Pad for Performance

And elevate for excellence. Bill Belichick’s system illustrates the effort and the level of detail that are required to set yourself apart, even among the most successful:

As the son of a coach, and a lifelong football devotee, Brian Ferentz figured he could handle every possible expectation that came with his new job as a low-level offensive assistant in New England. He would live the Patriots’ infamous 20/20 coaching existence, working up to 20 hours a day, for about $20,000 a year. He knew he would become an anonymous cog in a high-functioning machine, spending his days—and most nights—swamped in grunt work while receiving little credit for his toiling. But he also knew he had gained entry to a coaching laboratory that could change the trajectory of his life, starting in 2009.

He expected it would be hard. He didn’t expect … an art project? But the team assigned him the NFL equivalent of one, immediately. Bill Belichick summoned Ferentz to his office, where he’d school him on one particular—and particularly tedious—process that New England emphasized more than any other team. Belichick called it “padding,” his method of diagramming plays from opponents. It served to gauge football knowledge, inform game plans and teach the nuances of an infinitely complex sport—part torture chamber, part proving ground, part barrier to entry and part football seminar all wrapped into one exercise.

Every NFL team charts its opposition, on some level, to varying degrees. And other coaches, like Bill Parcells, made their entry-level assistants pad. But while those familiar with the process claim not to know its origin—whether it started with Parcells; Belichick; Belichick’s father, Steve; top-secret Patriots assistant Ernie Adams; or elsewhere—all agree that no one embraced the method, or gleaned more value from it, than Belichick himself.

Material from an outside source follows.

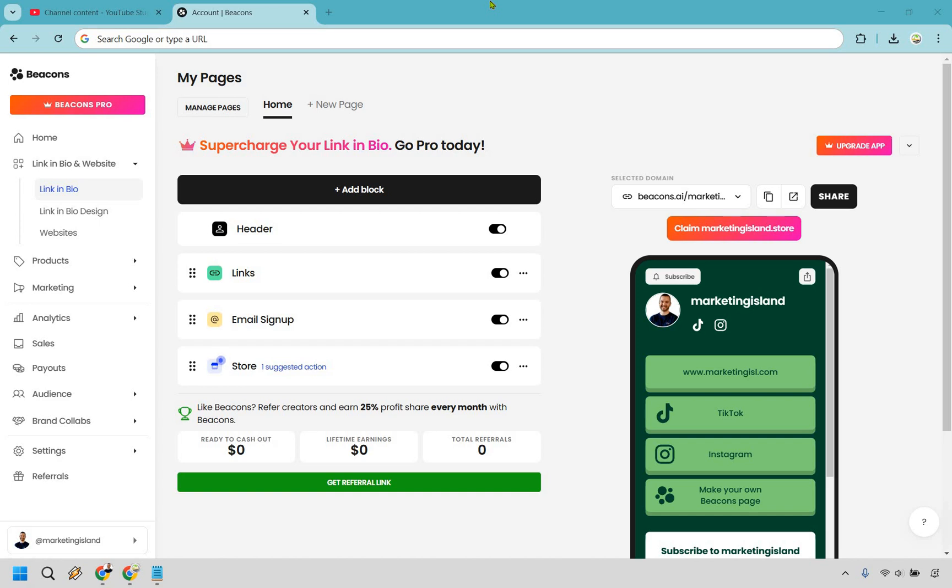So here is how to sell digital products on beacons.ai. It's pretty straightforward and if you'd like to follow along you can click the link in the description to do so or simply test out beacons.ai for free.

Ferentz understood the extent immediately. Two words popped into his mind: “holy” and “s—.” A man who once considered himself ready for every nuance of the job was now doubting whether he could do it. He would scour film of upcoming opponents and diagram their offensive plays in staggering detail, then take those diagrams, cut them out, place them into booklets and hand them over for review. Some games took eight hours, depending on the number of plays and the complexity of the scheme, while others could be completed in closer to four. With four or five games to review each week, his mass of other responsibilities and actual coaching, he started to add up the math for a 17-week season, only to stop because he had to pad again.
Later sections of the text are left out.